Jumat, 25 November 2011

Di Manakah Tuhan?





Pada tanggal Mei 29 baru-baru ini Paus Benedict yang berasal dari Jerman mengunjungi kamp maut Auschwitz, Poland dan bertanya mengapa Allah berdiam diri di saat 1.5 juta orang (kebanyakannya orang Yahudi) dibunuh di dapur api para tentara Nazi Jerman. Dalam ucapannya beliau berkata, "Di tempat seperti ini, kata-kata gagal. Pada akhirnya, yang ada hanyalah keheningan yang menakutkan, keheningan yang merupakan satu seruan dari hati kepada Tuhan - Mengapa Tuhan, mengapa Engkau tetap diam? Bagaimana Engkau menolerir semuanya ini?"
Diperkirakan sebanyak 6 juta jiwa yang mati di bawah kekuasaan Hitler. Paus Benedict melanjutkan dengan bertanya, "Di manakah Tuhan di waktu itu? Mengapa Ia diam? Bagaimana mungkin Ia mengizinkan pembantaian yang ngeri ini, kejahatan ini?
Elie Wiesel, pemenang Nobel Peace Prize, yang lolos dari maut di dapur api tetapi kehilangan ibu, kakak dan ayahnya di Auschwitz, menulis di dalam bukunya, Night, "Tidak akan pernah saya melupakan malam itu, malam pertama di kamp, yang telah mengubah hidup saya menjadi satu malam yang panjang, tujuh kali terkutuk, tujuh kali termeterai. Tidak akan pernah saya melupakan asap itu. Tidak akan pernah saya melupakan wajah mungil anak-anak, yang tubuh-tubuhnya saya saksikan berakhir menjadi lingkaran-lingkaran asap di bawah langit biru yang hening. Tidak akan pernah saya melupakan api-api yang menghanguskan iman saya buat selama-lamanya. Tidak akan pernah saya melupakan keheningan malam itu yang menghilangkan buat selama-lamanya keinginan saya untuk hidup. Tidak akan pernah saya melupakan saat-saat itu, yang telah membunuh Tuhan saya dan jiwa saya dan mengubah impian saya menjadi debu. Tidak akan pernah saya melupakan hal-hal itu, sekalipun jika saya dikutuk untuk hidup selama Tuhan sendiri hidup. Tidak akan pernah."

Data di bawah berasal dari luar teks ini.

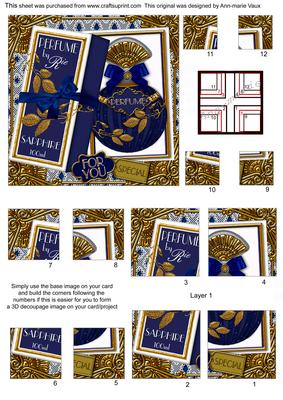 Boxed Blue Sapphire Perfume 5in Quad Corner Stacker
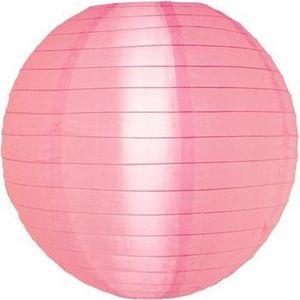 Lampion-Lampionnen  Nylon lampion roze - 45 cm - plastic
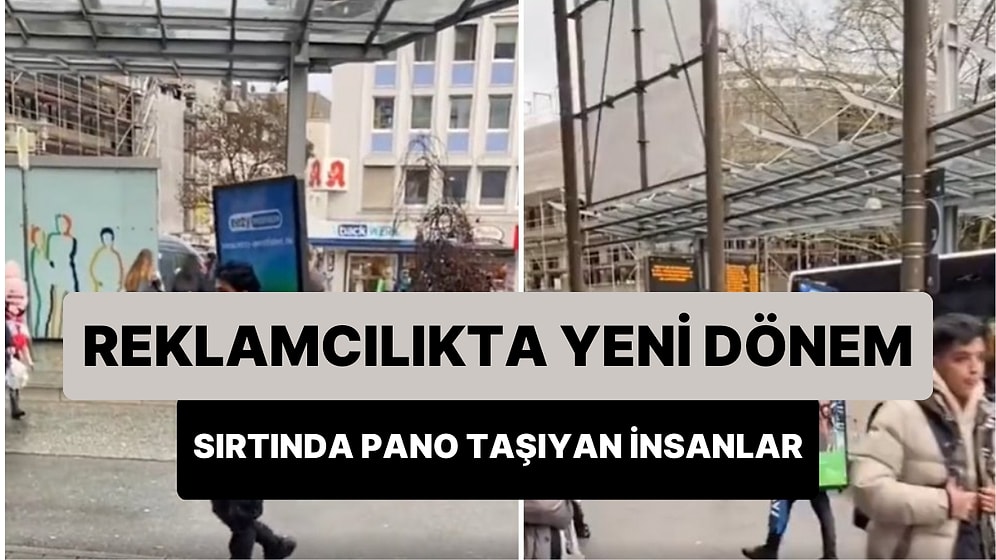 Almanya'da Sırtında Reklam Panosu Taşıyarak Para Kazanan İnsanlar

Bagi Elie Wiesel, penderitaan yang disaksikannya di Auschwitz membunuh Tuhannya, tidak lagi ada Tuhan bagi dirinya. Tidak mungkin kita dapat menyelami perasaan Wiesel, sebagaimana kita tidak akan mungkin sepenuhnya berkongsi rasa dengan orang yang harus menderita tanpa mengetahui mengapa mereka harus menderita. Apakah dosa dan kesalahan anak-anak kecil yang membuat mereka harus berakhir di dapur api kamp Auschwitz? Tidak mungkin kita tidak bertanya "mengapa" setiap kali kita melihat penderitaan dahsyat menimpa orang-orang yang menurut kita tidak layak menerimanya. Ketika Ayub yang tinggal di tanah Us sekitar 4000 tahun dulu harus menderita dengan kejam tanpa mengetahui alasannya, ia berkata "Tuhan membinasakan yang tidak bersalah dan yang bersalah." (Kitab Ayub pasal 9, ayat 22)
Apakah yang sebenarnya terjadi di balik tirai surga? Di upacara di Auschwitz itu, Paus Benedict menyimpulkan, "manusia tidak dapat melihat ke dalam rencana Tuhan yang misterius, kita hanya dapat berseru dengan rendah hati namun secara terus menerus kepada Tuhan - 'Bangkitlah! Jangan melupakan umat manusia, makhlukmu!'"
Mau tidak mau kita harus menanyakan pertanyaan yang sulit ini: Sudahkah Tuhan melupakan umatnya? Apakah Tuhan sudah mati seperti yang diyakini Elie Wiesel pada waktu itu? Ataukah Tuhan tidak lagi peduli? Saya kira setiap dari kita harus mencari sendiri jawaban kepada persoalan ini. Ayub setelah pergumulan yang panjang dan melelahkan akhirnya menemukan jawaban tersebut bagi dirinya. Bagaimana dengan kita?